GENEBRA – O governo dos EUA abre uma nova disputa comercial contra a China, quatro dias depois que o governo de Pequim levou aos tribunais da Organização Mundial do Comércio (OMC) uma queixa contra americanos por se recusarem a reconhecer a China como uma economia de mercado. A troca de acusações entre Pequim e Washington confirma o que muitos temem ser um novo período de tensão comercial entre as duas maiores economias do mundo.
Nesta quinta-feira, 15, a Casa Branca pediu a interferência da OMC para julgar as tarifas impostas pelos chineses contra os produtos agrícolas dos EUA. Segundo Washington, as barreiras estariam afetando as vendas de arroz, trigo e milho, com um prejuízo de US$ 3,5 bilhões.
Para os diplomatas americanos, a China estabeleceu cotas e condições de importações que não se justificam e violam os direitos dos exportadores dos EUA. "As políticas chinesas violam seus compromissos na OMC e limitam as oportunidades para que exportadores do setor agrícola dos EUA possam concorrer de forma justa", afirmou o representante de Comércio da Casa Branca, Michael Froman.
Em oito anos do governo de Barack Obama, essa é a 15a disputa entre os dois países. Mas observadores em Genebra alertam que, no final de seu governo, não faria sentido iniciar mais um contencioso para Obama. A interpretação dada era de que os americanos não poderiam deixar sem resposta a nova queixa feita pelos chineses contra Washington, no início da semana.
Pequim ataca o fato de que americanos e europeus não a reconheceu como uma economia de mercado. O processo na OMC foi aberto menos de 24 horas depois do fim do prazo estipulado há 15 anos para o reconhecimento da China em seu novo status.
No último domingo, concluiu-se o período em que a China tinha para reformar sua economia, num acordo estabelecido em 2001 para a adesão do país à Organização Mundial do Comércio. Em troca, ela insiste que deveria ser reconhecida como uma economia de mercado, posição não compartilhada por EUA, Japão, Europa, Índia, Brasil e diversos outros países.
Em termos técnicos, o novo status daria aos chineses a vantagem de ser tratado como todas as demais economias do mundo, sem discriminação comercia. Isso tem um impacto direto na aplicação de medidas antidumping contra produtos chineses.
Importadores de todo o mundo teriam de comparar os preços de bens chineses exportados aos valores que esses mesmos bens são vendidos em seu mercado doméstico, tradicionalmente baixos. Desde 2001, governos podiam escolher como parâmetro para esse cálculo um preço praticado em outro país e normalmente mais elevado.
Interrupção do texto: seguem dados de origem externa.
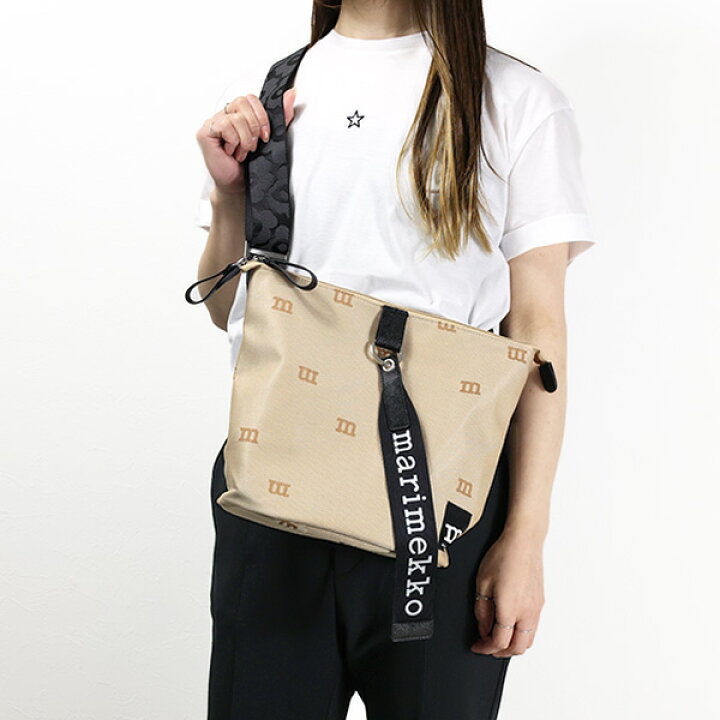 楽天市場】Marimekko マリメッコ CARRY ALL M LOGO SHOULDER BAG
Isso tornava mais fácil concluir que os chineses estavam cometendo dumping e impor barreiras à importação.
Agora, impor medidas antidumping contra a China ficará mais difícil e economias estarão mais vulneráveis à entrada dos produtos de Pequim.
Os chineses, na semana passada, haviam alertado que iriam adotar "retaliações" se o reconhecimento não viesse. Assim que a OMC abriu suas portas, nesta segunda-feira, a primeira disputa foi iniciada.
Num comunicado, o Ministério do Comércio da China alertou que, mesmo com o fim do prazo, EUA e Europa continuam calculando a taxa de dumping com base em critérios que já deveriam ter sido abandonados.
O caso deve aprofundar ainda mais a tensão com o presidente eleito nos EUA, Donald Trump. O republicano, durante sua campanha, prometeu proteger os trabalhadores americanos contra os produtos chineses.
A partir de dados coletados pela OMC e obtidos pela reportagem do Estado, um total de 547 medidas antidumping foram aplicadas pelas maiores economias do mundo contra as importações chinesas entre 2008 e 2016. Para todos os países do G-20, a China foi o maior alvo de barreiras. Só o Brasil aplicou mais de 60 contra os chineses em oito anos, um número superior a todas as taxas contra produtos americanos, coreanos ou indianos, somados.